As Adições ao livro de Ester referem-se a um conjunto de passagens suplementares encontradas na versão grega desse livro bíblico. Esses acréscimos, de 107 versículos, apresentam conteúdos diversos não presentes na versão canônica hebraica. As nuances estruturais e temáticas desses acréscimos lançam luz sobre as tradições interpretativas e as preocupações teológicas dos autores da era helenística.

Estrutura e Conteúdo

As Adições Gregas, designadas como A, B, C, D, E e F, contribuem com elementos distintivos para a narrativa de Ester. Acredita-se que as adições A, C, D e F tenham se originado em hebraico ou aramaico, potencialmente formando parte do texto original a partir do qual o tradutor grego trabalhou. O estilo ornamentado de B e E sugere uma origem grega. A autoria precisa das adições semítica e grega permanece indefinida.

As paráfrases de Josefo em Antiguidades Judaicas (93 dC) auxiliam na datação das Adições B, C, D e E, fornecendo um terminus post quem para sua composição para o século I d.C.. A colocação do colofão da LXX imediatamente após a Adição F sugere que tanto A quanto F faziam parte do texto semítico quando Lisímaco empreendeu a tradução grega no final do segundo ou primeiro século dC.

Esboço das adições gregas

  1. Adição A: O sonho de Mardoqueu (11.2–12) e sua descoberta de uma conspiração contra o rei (12.1–6).
  2. Adição B: O édito real de Hamã, proclamando uma perseguição letal contra os judeus (13:1–7).
  3. Adição C: As orações de Mardoqueu (13:8–18) e Ester (14:1–19).
  4. Adição D: Ester aparece sem ser convocada perante o rei (15:4–19).
  5. Adição E: O édito real de Mardoqueu, contrariando o édito de Hamã (16:1–24).
  6. Adição F: Interpretação do sonho de Mardoqueu (10:4–13) e o colofão da versão grega (11.1).

Os autores das Adições Gregas, situadas na era helenística, refletem uma antiga tradição judaica de interpretação bíblica. Seu objetivo era abordar ambiguidades narrativas, teológicas ou morais percebidas na Bíblia Hebraica. Embora os acréscimos aumentem a vivacidade e o drama, transformam a sutil versão hebraica de Ester em uma narrativa mais convencional, com intervenção divina e piedade tradicional.

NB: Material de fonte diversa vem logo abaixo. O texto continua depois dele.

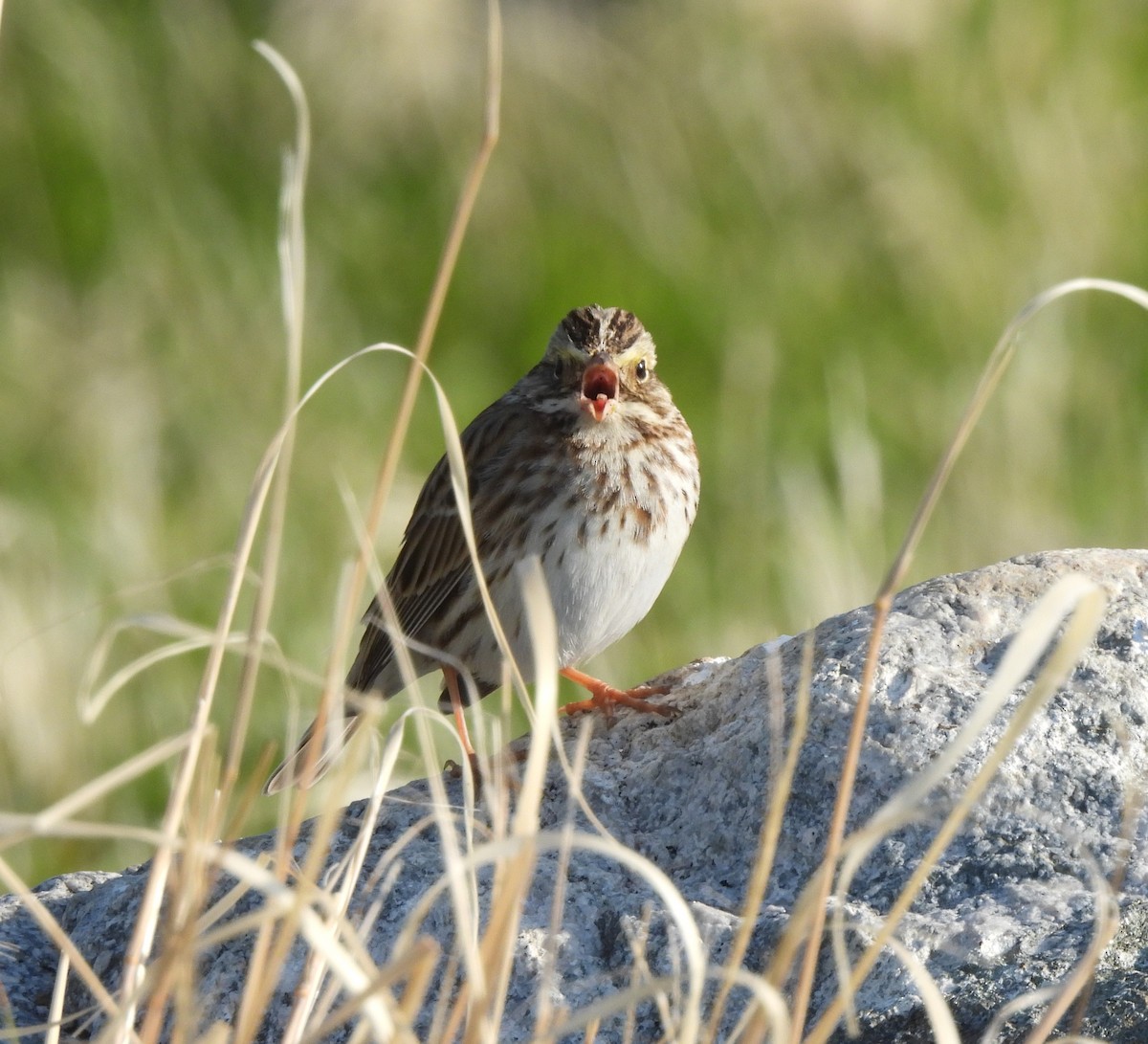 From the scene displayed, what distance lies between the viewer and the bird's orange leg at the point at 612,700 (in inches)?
163

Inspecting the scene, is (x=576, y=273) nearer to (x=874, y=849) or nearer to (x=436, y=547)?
(x=436, y=547)

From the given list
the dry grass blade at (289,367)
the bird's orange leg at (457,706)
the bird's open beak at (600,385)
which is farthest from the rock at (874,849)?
the bird's open beak at (600,385)

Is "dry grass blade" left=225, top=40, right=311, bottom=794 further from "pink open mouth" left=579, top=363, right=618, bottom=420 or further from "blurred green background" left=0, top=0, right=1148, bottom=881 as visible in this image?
"blurred green background" left=0, top=0, right=1148, bottom=881

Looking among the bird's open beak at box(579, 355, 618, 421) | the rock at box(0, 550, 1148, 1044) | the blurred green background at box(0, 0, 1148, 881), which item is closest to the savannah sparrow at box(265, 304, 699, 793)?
the bird's open beak at box(579, 355, 618, 421)

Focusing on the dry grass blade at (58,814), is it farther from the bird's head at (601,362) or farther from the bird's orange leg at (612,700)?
the bird's head at (601,362)

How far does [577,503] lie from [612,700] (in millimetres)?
578

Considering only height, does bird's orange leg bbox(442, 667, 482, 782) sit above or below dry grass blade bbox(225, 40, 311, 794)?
below

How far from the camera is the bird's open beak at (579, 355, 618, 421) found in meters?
4.80

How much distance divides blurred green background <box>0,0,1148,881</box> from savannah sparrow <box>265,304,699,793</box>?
1528mm

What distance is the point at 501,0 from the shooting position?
32.0 ft

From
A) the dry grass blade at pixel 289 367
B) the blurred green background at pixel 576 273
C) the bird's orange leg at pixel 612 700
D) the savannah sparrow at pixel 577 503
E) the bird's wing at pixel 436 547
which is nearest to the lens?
the dry grass blade at pixel 289 367

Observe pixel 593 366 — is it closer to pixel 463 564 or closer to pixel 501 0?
pixel 463 564

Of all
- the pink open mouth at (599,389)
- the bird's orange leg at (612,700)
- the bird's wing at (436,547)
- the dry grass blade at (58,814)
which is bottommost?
the bird's orange leg at (612,700)

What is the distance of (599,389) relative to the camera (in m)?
4.85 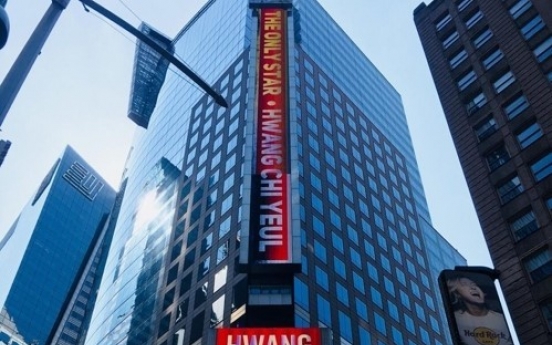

Paradoxalmente, as expansões introduzem inconsistências. A adição A, por exemplo, retrata a advertência direta de Mardoqueu ao rei sobre uma conspiração de assassinato, contrariamente à versão hebraica. As Adições oferecem uma plataforma para expressar pontos de vista teológicos distintos, reforçando a participação divina na história de Ester. Eles afirmam a eficácia da oração e introduzem elementos ausentes no hebraico, como a aversão da rainha Ester ao casamento com um gentio, seu desdém pelos assuntos mundanos e da corte e a adesão às leis dietéticas judaicas.

No clímax, a Adição D altera a transformação dinâmica da hebraica Ester em uma figura heróica, retratando-a como um indivíduo passivo que precisa de apoio quando desmaia diante do rei. Apesar das inconsistências, as Adições sublinham a riqueza interpretativa e a diversidade teológica dentro da narrativa de Ester, oferecendo uma lente intrigante sobre as perspectivas judaicas da era helenística sobre a narrativa bíblica.

Apócrifo de João

O Apócrifo de João ou Livro Secreto de João é um documento com doutrinas do gnosticismo. É conhecido desde 1896 e inclui quatro cópias coptas, uma das quais se encontra no Codex 8502 de Berlim e outras três foram encontradas em Nag Hammadi. O texto se alinha estreitamente com os mitos gnósticos.

Supostamente, apresenta uma revelação secreta de Jesus ao apóstolo João, filho de Zebedeu. Jesus ensinaria-lhe a verdadeira natureza do reino divino e sua relação com o cosmo material e a humanidade.

O diálogo explora o conceito do deus transcendente, a hierarquia de éons personificados dentro do pleroma (perfeição total) do divino e o reino material imperfeito como um reflexo do reino espiritual. O criador do reino visível e de Adão e Eva terrestres do Jardim do Éden seria uma divindade menor, um governante (arconte) chamado Ialdabaoth, que é uma caricatura sombria do Deus criador do Gênesis e o demiurgo do platonismo. O texto destaca a importância da revelação e do despertar espiritual no contexto da salvação e do destino das almas.

A obra foi citada por Irineu de Lyon, o que faz pensar sua existência desde os meados do século II.

Testamento de Levi

O Testamento de Levi são duas obra pseudepigráficas, que afirmam ser um testamento do patriarca Levi, um dos filhos de Jacó. Insere-se na obra coletivamente chamada de Testamento dos Doze Patriarcas.

O Testamento de Levi existe em duas versões: o Testamento Grego de Levi e o Testamento Aramaico de Levi. Acredita-se que a versão grega tenha sido escrita no século II aC e é considerada a mais desenvolvida das duas. Contém 18 capítulos e abrange uma variedade de tópicos, incluindo instrução religiosa, ética e escatologia. Registra duas visões: os sete céus e os sete anjos, além de previsões da era messiânica.

O Testamento Aramaico de Levi é uma obra mais curta que foi descoberta entre os Manuscritos do Mar Morto. Acredita-se que seja uma versão anterior do texto e seja datada do século I aC. A versão aramaica difere da versão grega de várias maneiras, incluindo a ordem dos capítulos, a ausência de algum material e o uso de palavras e conceitos diferentes.